Born and raised in the most multicultural state in the union, Obama bears the indelible stamp of his native Hawai'i.  The Dream Begins: How Hawai'i Shaped Barack Obama, is a coming-of-age story set in Hawai'i's storied "melting pot"-a revealing look at the island state that is surely a core part of what makes Obama tick.

Written by Honolulu journalists Stu Glauberman and Jerry Burris, this 152-page book examines Obama's early years in Hawai'i.  The self-described "skinny kid with the funny name" flourished in the Islands, where local values foster tolerance, compromise and mutual respect-and where diversity defines people rather than divides them. The social mores of the Aloha State and the experience of growing up in an island culture have had a deep and lasting influence on the candidate. Obama himself has noted, "What's best in me, and what's best in my message, is consistent with the tradition of Hawai'i."

However, throughout his remarkable run for the White House, Sen. Obama has played down the fact that he was born and bred in Hawai'i. In stump speeches and campaign ads, Obama has stressed his grandparents' bedrock Kansas values and his Chicago political experience over the Aloha Spirit of his own boyhood home.

It's not hard to understand why: Political pundits seem to think Hawai'i isn't "serious" enough or "domestic" enough to be the home state of a man who would be president. During his much-scrutinized week off in his home state, Obama endured steady needling from Republicans characterizing his vacation in Hawai'i as both elitist and frivolous. National news media joined in, sniffing that it was clearly counterproductive for Obama to enjoy some downtime with his family in tiny, solidly Democratic Hawai'i, when he could be out on the campaign trail upping his lead in daily tracking polls in states that "really count."

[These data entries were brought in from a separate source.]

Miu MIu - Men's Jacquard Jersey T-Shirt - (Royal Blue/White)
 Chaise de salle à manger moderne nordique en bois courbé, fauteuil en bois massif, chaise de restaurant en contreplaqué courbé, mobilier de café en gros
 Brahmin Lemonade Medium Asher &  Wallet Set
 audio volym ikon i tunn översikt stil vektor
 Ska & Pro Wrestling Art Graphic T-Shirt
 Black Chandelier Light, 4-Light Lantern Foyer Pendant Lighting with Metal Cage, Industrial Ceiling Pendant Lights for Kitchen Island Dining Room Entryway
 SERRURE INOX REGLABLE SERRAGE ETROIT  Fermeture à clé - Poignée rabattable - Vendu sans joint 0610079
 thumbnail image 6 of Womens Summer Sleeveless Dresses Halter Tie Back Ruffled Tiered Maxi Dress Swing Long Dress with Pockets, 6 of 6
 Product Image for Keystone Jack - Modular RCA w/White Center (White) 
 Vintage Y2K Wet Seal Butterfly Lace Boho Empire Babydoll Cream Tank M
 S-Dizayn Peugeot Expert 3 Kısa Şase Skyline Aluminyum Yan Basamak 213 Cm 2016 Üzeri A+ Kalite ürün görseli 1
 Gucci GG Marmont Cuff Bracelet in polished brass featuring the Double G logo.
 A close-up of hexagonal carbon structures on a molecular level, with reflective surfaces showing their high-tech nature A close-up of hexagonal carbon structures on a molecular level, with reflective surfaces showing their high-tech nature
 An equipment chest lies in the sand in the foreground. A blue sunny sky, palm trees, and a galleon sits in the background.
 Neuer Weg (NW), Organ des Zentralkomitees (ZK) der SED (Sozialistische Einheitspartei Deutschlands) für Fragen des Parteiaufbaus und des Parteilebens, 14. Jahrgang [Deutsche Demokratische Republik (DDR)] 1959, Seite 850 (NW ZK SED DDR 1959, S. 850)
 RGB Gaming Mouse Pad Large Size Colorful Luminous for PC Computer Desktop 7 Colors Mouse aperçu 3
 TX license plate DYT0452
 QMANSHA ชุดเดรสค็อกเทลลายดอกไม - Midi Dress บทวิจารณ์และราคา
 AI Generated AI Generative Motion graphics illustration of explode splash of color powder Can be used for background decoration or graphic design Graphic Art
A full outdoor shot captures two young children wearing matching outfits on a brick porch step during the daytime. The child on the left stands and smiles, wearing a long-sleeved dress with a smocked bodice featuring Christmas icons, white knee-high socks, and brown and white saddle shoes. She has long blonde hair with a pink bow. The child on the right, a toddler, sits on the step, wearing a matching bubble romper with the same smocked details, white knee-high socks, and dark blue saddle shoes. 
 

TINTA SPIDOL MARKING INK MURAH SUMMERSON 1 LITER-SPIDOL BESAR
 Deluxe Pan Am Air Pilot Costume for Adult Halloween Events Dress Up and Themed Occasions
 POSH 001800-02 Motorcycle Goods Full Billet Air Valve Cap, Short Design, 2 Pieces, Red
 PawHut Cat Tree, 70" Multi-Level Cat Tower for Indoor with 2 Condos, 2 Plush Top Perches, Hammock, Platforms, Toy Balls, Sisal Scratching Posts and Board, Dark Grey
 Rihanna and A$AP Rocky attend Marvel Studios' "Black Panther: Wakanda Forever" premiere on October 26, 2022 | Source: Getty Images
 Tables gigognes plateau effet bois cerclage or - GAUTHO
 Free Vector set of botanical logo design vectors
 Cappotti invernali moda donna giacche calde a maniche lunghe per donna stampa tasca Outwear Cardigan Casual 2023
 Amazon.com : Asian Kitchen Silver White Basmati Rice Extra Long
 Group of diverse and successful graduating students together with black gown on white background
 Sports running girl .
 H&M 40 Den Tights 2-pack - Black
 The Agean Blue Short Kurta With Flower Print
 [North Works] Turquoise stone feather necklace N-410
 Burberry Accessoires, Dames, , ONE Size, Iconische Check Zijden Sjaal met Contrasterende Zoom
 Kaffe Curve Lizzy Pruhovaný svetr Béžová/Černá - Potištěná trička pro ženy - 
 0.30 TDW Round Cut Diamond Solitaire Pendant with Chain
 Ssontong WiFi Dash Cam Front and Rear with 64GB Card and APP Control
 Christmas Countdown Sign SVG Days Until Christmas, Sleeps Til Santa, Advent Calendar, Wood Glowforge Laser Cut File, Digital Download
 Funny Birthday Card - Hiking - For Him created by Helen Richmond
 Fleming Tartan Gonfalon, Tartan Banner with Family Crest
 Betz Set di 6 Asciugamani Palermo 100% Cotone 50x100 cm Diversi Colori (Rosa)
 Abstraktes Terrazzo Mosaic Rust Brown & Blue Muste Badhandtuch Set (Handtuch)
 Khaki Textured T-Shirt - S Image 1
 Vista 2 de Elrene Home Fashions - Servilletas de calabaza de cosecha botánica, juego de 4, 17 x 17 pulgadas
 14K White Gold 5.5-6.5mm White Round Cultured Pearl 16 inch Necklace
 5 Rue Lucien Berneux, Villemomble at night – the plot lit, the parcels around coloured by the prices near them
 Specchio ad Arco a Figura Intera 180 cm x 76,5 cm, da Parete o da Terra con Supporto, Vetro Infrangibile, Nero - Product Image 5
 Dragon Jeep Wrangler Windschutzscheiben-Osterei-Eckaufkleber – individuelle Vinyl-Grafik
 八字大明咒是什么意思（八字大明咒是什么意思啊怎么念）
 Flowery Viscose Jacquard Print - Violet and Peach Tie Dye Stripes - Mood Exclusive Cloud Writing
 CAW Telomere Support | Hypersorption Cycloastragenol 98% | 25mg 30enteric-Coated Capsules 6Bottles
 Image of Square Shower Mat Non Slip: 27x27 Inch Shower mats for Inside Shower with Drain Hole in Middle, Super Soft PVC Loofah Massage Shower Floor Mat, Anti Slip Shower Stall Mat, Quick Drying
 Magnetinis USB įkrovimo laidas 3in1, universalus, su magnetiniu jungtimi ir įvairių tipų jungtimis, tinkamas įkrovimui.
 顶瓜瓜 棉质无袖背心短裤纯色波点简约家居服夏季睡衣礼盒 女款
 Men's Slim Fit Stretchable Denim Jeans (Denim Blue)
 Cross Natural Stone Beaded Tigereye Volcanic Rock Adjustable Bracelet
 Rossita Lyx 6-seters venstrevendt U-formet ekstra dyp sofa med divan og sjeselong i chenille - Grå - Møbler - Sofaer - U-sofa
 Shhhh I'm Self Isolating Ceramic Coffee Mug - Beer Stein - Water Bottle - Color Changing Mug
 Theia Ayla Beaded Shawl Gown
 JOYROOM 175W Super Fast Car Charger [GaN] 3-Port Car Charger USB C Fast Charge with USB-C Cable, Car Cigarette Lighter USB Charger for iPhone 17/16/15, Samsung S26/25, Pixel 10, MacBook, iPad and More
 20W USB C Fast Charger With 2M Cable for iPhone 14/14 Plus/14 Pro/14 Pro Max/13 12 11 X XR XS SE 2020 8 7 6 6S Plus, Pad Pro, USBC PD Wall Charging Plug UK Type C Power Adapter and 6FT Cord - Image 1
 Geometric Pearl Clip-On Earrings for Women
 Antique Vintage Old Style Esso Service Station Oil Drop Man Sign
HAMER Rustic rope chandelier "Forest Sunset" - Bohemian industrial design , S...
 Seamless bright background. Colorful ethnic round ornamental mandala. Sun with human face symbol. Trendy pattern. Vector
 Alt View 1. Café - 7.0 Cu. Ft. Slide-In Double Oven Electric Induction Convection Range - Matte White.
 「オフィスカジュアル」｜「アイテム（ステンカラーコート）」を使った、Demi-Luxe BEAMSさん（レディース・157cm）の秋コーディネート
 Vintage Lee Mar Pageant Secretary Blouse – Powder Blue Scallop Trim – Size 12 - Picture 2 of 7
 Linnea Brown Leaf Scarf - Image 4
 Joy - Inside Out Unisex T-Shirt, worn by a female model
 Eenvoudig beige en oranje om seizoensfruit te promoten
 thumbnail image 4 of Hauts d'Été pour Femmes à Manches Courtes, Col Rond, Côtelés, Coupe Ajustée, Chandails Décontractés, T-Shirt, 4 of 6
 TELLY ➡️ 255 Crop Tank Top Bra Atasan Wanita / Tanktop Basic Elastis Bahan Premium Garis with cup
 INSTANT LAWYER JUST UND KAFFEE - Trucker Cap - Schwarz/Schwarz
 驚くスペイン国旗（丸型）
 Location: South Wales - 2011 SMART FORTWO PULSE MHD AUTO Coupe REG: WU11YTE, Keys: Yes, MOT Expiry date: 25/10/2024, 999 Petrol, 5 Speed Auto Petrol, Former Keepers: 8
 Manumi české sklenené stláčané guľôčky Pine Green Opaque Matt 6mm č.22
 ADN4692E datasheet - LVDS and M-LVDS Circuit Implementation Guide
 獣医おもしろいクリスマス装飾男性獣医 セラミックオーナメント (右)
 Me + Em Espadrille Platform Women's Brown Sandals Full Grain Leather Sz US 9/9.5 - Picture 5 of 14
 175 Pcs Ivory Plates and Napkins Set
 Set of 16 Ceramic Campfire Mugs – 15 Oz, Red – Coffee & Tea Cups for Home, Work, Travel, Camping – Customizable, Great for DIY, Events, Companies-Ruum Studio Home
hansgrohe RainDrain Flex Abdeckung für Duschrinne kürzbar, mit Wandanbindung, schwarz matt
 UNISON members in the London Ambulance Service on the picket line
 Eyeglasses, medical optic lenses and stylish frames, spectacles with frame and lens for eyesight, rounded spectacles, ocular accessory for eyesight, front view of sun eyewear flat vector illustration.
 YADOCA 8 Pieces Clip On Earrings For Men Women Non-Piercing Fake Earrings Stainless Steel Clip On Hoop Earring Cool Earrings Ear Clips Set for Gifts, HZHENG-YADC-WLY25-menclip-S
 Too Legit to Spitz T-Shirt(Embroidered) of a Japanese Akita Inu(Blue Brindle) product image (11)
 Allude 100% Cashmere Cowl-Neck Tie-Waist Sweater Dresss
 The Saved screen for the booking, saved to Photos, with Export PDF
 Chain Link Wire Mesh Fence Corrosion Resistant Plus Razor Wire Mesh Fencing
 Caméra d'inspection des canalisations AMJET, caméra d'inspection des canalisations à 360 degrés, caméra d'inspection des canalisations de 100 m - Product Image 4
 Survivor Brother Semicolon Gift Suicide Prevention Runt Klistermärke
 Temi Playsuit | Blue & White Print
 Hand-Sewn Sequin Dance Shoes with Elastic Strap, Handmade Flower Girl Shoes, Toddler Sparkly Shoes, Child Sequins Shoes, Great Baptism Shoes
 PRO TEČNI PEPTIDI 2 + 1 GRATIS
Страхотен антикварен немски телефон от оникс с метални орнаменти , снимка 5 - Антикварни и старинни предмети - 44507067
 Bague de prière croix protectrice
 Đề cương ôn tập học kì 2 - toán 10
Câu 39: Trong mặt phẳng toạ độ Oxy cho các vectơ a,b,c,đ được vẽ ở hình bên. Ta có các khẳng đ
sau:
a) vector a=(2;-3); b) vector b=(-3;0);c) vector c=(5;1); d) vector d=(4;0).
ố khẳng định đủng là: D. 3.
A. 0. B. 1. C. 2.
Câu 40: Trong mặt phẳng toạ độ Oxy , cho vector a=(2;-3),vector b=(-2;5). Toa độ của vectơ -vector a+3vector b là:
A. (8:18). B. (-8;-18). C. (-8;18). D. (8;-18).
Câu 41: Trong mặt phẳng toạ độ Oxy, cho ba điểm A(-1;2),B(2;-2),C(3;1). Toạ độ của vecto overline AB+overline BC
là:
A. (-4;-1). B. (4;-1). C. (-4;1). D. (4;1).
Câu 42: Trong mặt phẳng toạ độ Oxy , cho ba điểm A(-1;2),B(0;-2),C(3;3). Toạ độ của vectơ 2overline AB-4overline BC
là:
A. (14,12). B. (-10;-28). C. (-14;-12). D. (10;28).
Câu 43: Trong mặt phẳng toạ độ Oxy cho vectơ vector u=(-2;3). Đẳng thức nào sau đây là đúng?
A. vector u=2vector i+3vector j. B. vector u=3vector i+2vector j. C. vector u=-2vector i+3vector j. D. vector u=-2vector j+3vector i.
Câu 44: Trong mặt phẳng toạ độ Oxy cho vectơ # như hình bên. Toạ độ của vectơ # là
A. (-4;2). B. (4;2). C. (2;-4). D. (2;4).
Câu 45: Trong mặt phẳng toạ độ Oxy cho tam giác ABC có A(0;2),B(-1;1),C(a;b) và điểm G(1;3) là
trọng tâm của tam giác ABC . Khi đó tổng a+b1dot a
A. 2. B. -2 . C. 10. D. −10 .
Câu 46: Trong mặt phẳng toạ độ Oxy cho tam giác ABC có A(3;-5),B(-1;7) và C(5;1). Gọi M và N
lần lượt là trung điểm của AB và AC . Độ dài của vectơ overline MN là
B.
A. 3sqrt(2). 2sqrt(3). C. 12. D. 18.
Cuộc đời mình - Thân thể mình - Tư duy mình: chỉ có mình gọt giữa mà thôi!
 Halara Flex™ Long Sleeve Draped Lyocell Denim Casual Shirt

When NPR commentator Cokie Roberts said that Obama's trip had "the look of him going off to some sort of foreign, exotic place," you could almost hear the harrumphing up and down the Hawaiian archipelago. Island politicians rushed to defend their state as, well, a U.S. state almost like any other.

While the candidate has chosen not to make much of his Island roots during the campaign, Hawai'i hears echoes of itself almost every time Obama speaks. And those echoes are about a set of values that are far more substantive, but admittedly far more difficult to grasp, than the superficial vision of the 50 th State as a tropical paradise.

The values of Hawai'i's Polynesian host culture include the importance of compassion, cooperation, tolerance and respect for the opinions and traditions of others. They imply a certain modesty that can seem out of place in the crushing competition of presidential politics.

The Island philosophy simplistically characterized as the Aloha Spirit has its roots in the multi-ethnic history of Hawai'i, where the plantations' various immigrant groups understood they had to work together to earn the role they sought in the larger society. The Aloha Spirit is also rooted in the very geographic isolation of the Islands. Those who live on a small island quickly come to realize that cooperation and a live-and-let-live attitude are critical for survival.

Obama himself has said that Hawai'i taught him to build bridges between people. Here he saw the ideal of how people of different backgrounds can live together in a climate of mutual respect. He has said that Hawai'i is part of his core being; it is what's best about his message. Hawai'i is a model for the kind of America he hopes his campaign will bring about: a place where people rise above the barriers that divide them.

As his wife, Michelle Obama, has said, "You can't really understand Barack until you understand Hawai'i." The Dream Begins is the key to gaining that understanding the man who is shattering history as a candidate for President of the United States.